### What the task asks
Every record below is to be copied exactly, with its images omitted.

### Supplied material
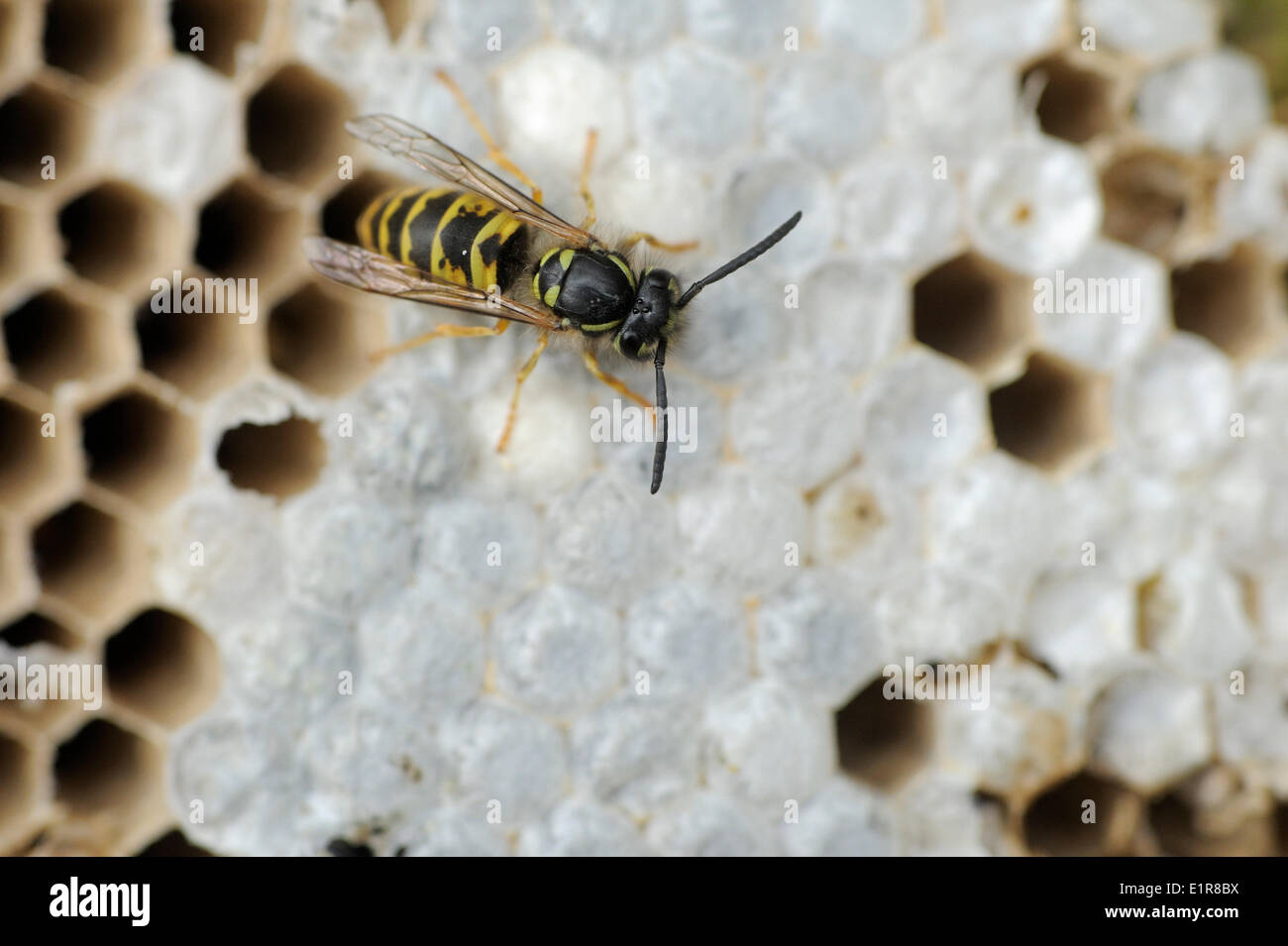Pettine di Common Wasp trovati sotto il nido di un falco pecchiaiolo con ancora alcune larve all'interno Foto Stock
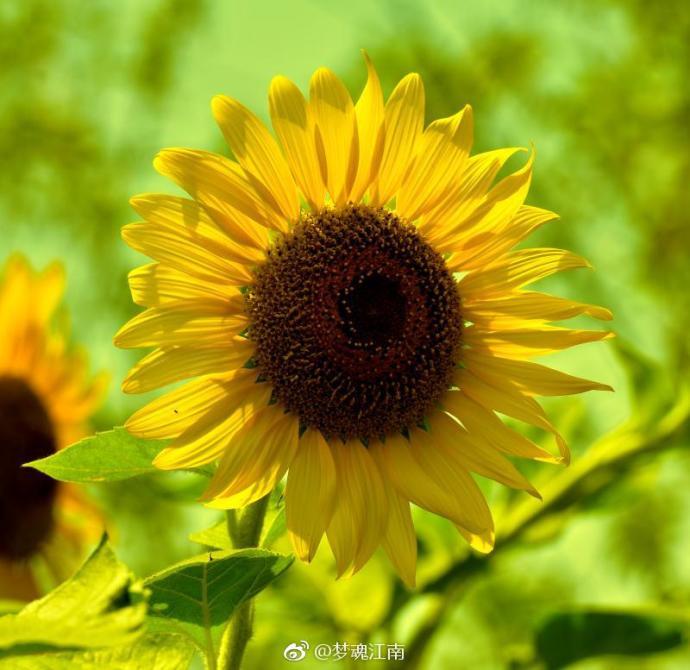 金秋的无锡蠡园,盛开的向日葵花,给人坚强的力量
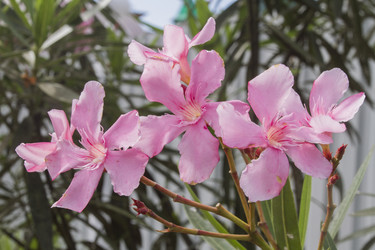 Similar image 5583301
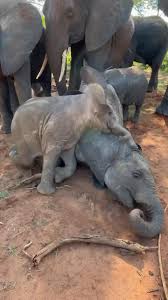 Mwana has grown from the coddled only child of Umani to the ...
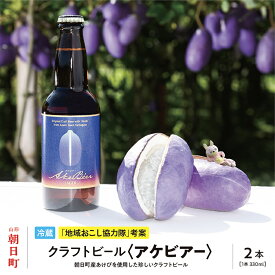 【ふるさと納税】アケビを使ったクラフトビール アケビアー 330ml×2本 箱入り あけび 送料無料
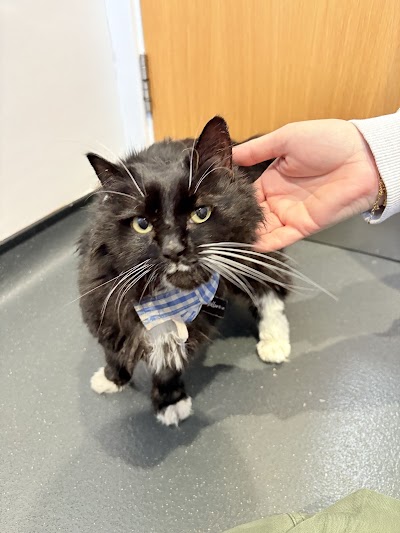 Westway Veterinary Group, Cat Clinic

### Final answer
Pettine di Common Wasp trovati sotto il nido di un falco pecchiaiolo con ancora alcune larve all'interno Foto Stock
 金秋的无锡蠡园,盛开的向日葵花,给人坚强的力量
 Similar image 5583301
 Mwana has grown from the coddled only child of Umani to the ...
 【ふるさと納税】アケビを使ったクラフトビール アケビアー 330ml×2本 箱入り あけび 送料無料
 Westway Veterinary Group, Cat Clinic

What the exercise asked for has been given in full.